Mereka lupa kalau kepemilikan saham Semen Indonesia sesuai laporan tahunan di 2014, 38,59% sudah dimiliki oleh asing. Inilah nasionalisme abal-abal yang mereka banggakan.
Selain nasionalisme, isu yang diangkat saat melakukan aksi demo oleh kelompok pro semen juga sangat memprihatinkan dan kadang tidak masuk akal, seperti “Pabrik Semen Ditutup, Kami Tidak Bisa Beli Beras”, atau “Rakyat Butuh Makan”. Menurut mereka, tolak ukur bisa beli beras dan bisa makan adalah adanya pabrik semen. Sungguh ironis!

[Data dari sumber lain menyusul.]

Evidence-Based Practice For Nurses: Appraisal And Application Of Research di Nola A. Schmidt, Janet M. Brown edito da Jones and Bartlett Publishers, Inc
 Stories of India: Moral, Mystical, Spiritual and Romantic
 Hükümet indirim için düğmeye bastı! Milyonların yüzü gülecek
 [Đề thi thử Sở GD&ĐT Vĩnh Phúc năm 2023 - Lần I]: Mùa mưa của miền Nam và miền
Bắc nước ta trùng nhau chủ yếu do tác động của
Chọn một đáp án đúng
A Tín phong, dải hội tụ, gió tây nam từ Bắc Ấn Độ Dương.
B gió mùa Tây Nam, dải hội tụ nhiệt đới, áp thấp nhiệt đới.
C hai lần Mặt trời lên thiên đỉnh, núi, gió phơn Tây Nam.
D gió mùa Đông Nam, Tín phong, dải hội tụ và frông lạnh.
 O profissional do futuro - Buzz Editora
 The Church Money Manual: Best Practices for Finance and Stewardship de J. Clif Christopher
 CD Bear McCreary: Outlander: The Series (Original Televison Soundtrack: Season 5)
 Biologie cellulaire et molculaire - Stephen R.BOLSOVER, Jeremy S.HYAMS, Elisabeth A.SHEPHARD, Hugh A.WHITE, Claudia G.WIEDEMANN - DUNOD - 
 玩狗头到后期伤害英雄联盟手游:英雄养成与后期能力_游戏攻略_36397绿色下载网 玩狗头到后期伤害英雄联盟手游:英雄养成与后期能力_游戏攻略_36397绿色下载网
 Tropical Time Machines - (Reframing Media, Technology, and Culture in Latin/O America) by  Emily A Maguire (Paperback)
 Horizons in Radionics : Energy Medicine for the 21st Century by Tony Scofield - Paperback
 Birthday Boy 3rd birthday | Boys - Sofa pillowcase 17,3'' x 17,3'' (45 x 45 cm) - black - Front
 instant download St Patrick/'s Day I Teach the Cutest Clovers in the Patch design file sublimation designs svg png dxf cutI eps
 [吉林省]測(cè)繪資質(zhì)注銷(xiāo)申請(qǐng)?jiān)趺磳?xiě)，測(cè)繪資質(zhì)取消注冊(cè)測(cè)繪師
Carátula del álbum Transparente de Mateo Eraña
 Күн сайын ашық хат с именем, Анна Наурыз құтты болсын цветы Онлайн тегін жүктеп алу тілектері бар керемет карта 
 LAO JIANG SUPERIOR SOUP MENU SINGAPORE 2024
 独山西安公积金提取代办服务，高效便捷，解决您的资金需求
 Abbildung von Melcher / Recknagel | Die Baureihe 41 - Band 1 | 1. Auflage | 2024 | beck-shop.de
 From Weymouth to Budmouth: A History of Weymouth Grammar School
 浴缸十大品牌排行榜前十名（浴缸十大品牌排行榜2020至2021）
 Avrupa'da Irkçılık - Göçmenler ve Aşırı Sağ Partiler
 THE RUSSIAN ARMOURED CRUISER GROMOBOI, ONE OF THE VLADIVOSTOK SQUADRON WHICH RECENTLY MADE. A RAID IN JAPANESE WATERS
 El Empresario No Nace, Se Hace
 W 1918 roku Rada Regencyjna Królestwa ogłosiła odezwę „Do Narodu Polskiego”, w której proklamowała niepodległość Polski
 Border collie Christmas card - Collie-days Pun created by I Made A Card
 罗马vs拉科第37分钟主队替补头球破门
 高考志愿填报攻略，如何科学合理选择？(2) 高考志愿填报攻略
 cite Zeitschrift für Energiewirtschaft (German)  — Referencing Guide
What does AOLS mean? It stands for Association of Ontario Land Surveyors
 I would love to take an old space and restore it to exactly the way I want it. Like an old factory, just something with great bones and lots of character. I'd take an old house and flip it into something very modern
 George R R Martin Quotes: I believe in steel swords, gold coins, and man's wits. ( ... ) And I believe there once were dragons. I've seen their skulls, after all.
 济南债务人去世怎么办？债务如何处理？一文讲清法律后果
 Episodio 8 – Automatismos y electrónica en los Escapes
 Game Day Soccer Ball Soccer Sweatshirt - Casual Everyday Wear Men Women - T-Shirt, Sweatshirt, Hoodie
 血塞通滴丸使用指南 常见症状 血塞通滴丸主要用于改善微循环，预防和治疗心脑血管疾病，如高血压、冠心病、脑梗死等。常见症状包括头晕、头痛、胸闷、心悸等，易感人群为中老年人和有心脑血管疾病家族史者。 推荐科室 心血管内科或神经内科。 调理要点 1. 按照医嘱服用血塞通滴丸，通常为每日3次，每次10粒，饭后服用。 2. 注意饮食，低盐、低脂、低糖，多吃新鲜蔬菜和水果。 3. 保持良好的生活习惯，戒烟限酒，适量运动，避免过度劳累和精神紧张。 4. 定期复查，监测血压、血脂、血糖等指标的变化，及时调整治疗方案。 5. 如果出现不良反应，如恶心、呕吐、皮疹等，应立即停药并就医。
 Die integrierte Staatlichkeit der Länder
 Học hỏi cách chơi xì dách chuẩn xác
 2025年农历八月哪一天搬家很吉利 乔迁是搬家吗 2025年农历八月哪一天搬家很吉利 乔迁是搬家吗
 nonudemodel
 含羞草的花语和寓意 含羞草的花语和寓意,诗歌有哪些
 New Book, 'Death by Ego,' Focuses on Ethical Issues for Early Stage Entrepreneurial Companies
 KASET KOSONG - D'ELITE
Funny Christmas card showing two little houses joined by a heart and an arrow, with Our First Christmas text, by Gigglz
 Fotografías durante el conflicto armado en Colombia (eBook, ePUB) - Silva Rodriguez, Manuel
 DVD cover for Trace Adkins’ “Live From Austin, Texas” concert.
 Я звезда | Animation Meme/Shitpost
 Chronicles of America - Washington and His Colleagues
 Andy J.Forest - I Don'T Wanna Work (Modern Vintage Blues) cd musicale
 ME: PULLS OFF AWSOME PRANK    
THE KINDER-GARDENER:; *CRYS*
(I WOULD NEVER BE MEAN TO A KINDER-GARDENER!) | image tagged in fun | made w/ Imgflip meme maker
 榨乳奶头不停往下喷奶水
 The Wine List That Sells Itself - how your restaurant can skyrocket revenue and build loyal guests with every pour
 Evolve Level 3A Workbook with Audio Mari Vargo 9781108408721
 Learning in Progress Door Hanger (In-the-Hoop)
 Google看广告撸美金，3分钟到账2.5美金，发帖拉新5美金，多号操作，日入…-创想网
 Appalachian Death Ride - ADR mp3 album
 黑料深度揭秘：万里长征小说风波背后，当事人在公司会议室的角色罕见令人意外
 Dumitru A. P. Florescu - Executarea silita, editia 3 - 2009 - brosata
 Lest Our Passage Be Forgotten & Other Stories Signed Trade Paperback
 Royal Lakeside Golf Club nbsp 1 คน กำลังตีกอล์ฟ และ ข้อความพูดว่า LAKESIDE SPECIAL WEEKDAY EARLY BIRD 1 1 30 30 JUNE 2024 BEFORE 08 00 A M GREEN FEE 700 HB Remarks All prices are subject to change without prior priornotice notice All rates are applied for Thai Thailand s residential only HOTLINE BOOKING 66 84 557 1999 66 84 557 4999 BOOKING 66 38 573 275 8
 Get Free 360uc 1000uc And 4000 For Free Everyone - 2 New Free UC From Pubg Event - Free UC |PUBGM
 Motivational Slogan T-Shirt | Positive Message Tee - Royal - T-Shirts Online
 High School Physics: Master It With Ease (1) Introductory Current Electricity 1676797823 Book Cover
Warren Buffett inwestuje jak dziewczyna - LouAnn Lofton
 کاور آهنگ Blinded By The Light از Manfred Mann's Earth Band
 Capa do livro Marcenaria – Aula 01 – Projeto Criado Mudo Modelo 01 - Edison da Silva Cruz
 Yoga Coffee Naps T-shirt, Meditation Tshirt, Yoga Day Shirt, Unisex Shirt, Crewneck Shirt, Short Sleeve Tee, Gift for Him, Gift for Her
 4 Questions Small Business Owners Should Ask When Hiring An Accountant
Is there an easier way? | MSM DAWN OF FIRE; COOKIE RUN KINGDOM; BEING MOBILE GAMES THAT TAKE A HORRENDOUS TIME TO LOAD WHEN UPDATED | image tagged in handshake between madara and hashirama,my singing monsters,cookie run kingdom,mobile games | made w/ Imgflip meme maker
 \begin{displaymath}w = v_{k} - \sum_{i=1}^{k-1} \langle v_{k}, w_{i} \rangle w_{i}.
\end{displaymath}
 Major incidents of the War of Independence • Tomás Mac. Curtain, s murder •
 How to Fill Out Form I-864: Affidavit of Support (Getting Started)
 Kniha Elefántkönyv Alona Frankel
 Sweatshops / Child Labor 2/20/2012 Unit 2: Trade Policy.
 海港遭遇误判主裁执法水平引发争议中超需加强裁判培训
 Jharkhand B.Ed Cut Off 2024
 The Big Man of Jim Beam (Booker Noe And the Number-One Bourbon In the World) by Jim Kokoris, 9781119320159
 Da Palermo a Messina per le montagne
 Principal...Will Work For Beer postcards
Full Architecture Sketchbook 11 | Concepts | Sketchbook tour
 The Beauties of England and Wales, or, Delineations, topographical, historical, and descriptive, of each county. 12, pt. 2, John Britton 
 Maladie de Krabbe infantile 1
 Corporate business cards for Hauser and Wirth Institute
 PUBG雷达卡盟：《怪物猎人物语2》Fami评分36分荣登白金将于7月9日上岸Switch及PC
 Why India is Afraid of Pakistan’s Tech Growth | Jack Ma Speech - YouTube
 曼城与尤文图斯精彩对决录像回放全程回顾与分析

Padahal tidak pernah ada data yang menyebutkan Rembang kekurangan pangan dan masyarakat kelaparan. “Ibu Bumi” sudah menjadi sumber kehidupan bagi masyarakat Rembang, tanah yang subur, air melimpah, dan aneka tanaman pangan tersedia.
Selain penggalangan massa, Semen Indonesia juga menguasai ruang publik untuk dijadikan tempat propaganda. Salah satunya alun-alun Rembang yang saat ini disulap menjadi “Pasar Semen”.
Dengan dalih bantuan, mereka memanfaatkan para pedagang kaki lima untuk menggunakan tenda-tenda berlogo Semen Indonesia. Tujuannya untuk memanipulasi dukungan masyarakat akan keberadaan pabrik semen.
Alun-alun sebagai area publik harusnya terbebas dari kepentingan kelompok tertentu, sayangnya saat ini sudah dimonopoli dan dijadikan media promosi oleh perusahaan yang melakukan kejahatan lingkungan.